BEGIN

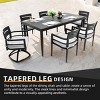 7 Piece Aluminum Patio Dining Set with Rectangular Sintered Stone Table 4 Armchairs and 2 Swivel Rockers with Cushions for Outdoor–Maison Boucle - 3 of 4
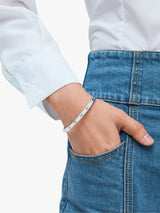 Kate Spade Silver Set In Stone Hinged Bangle Bracelet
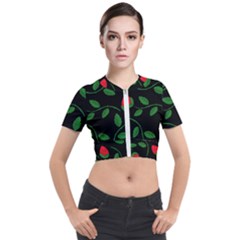 Roses Flowers Spring Flower Nature Short Sleeve Cropped Jacket by Pakrebo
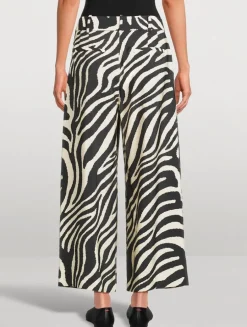 Pleated Wide-Leg Trousers In Zebra Print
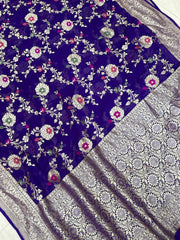 Khaddi Georgette Handloom Banarasi Saree - All over Jaal Work with meenakari - The Handlooms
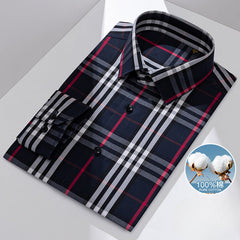 Men's Business Casual 100% Cotton Plaid No-iron Long-sleeved Shirt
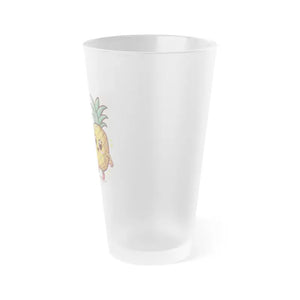Frosted Pint Glass - Fun Pineapple Pizza Design - Dipaliz - 16oz / Beer Glasses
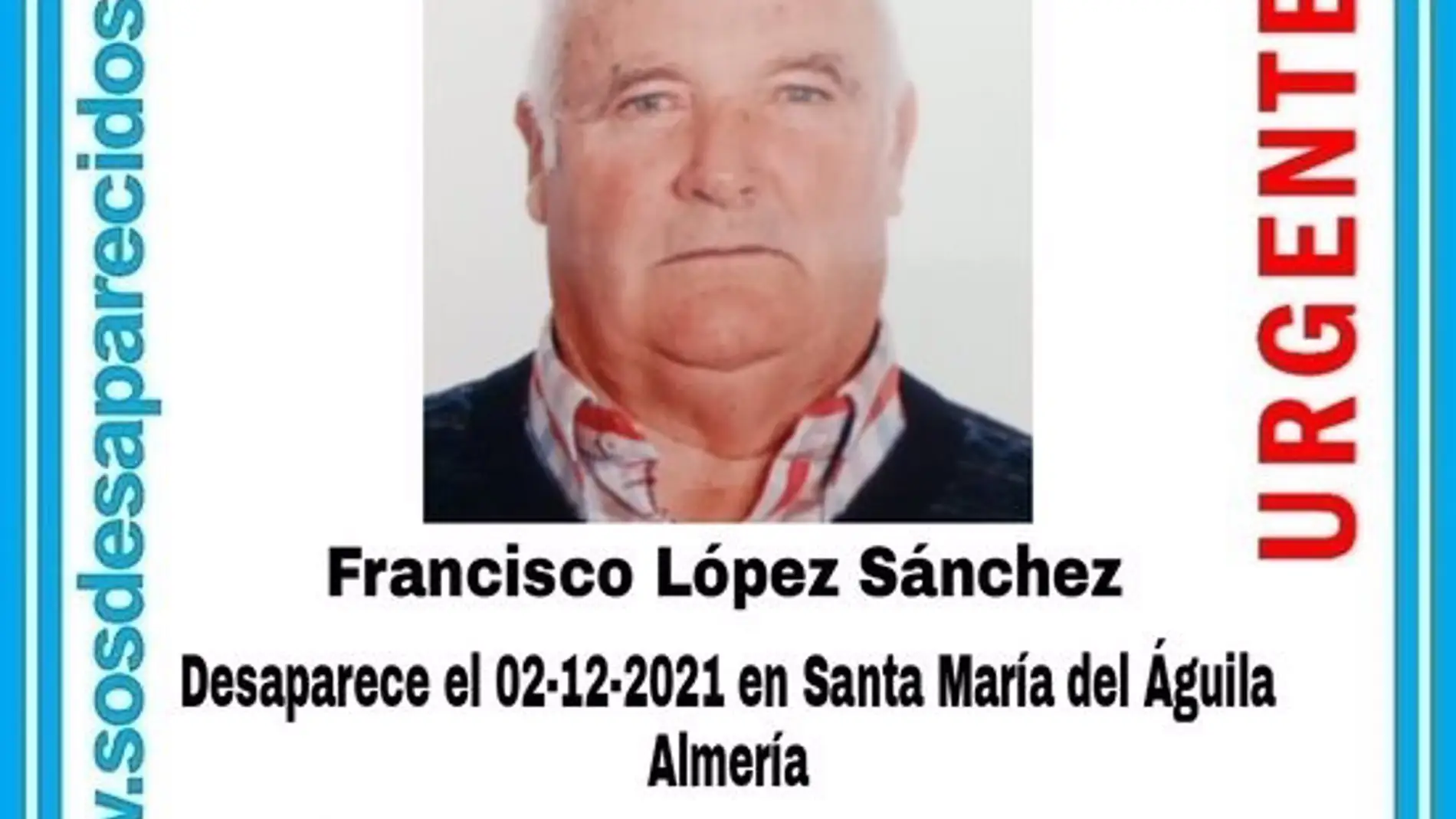 Cartel alertando de la desaparición de Francisco López Sánchez. SOS DESAPARECIDOS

END

■ Try it: Everything from the line with "Khaddi Georgette Handloom" through the final line of the records above should be written out exactly, minus the pictures.

■ Output for this task:
 Khaddi Georgette Handloom Banarasi Saree - All over Jaal Work with meenakari - The Handlooms
 Men's Business Casual 100% Cotton Plaid No-iron Long-sleeved Shirt
Frosted Pint Glass - Fun Pineapple Pizza Design - Dipaliz - 16oz / Beer Glasses
 Cartel alertando de la desaparición de Francisco López Sánchez. SOS DESAPARECIDOS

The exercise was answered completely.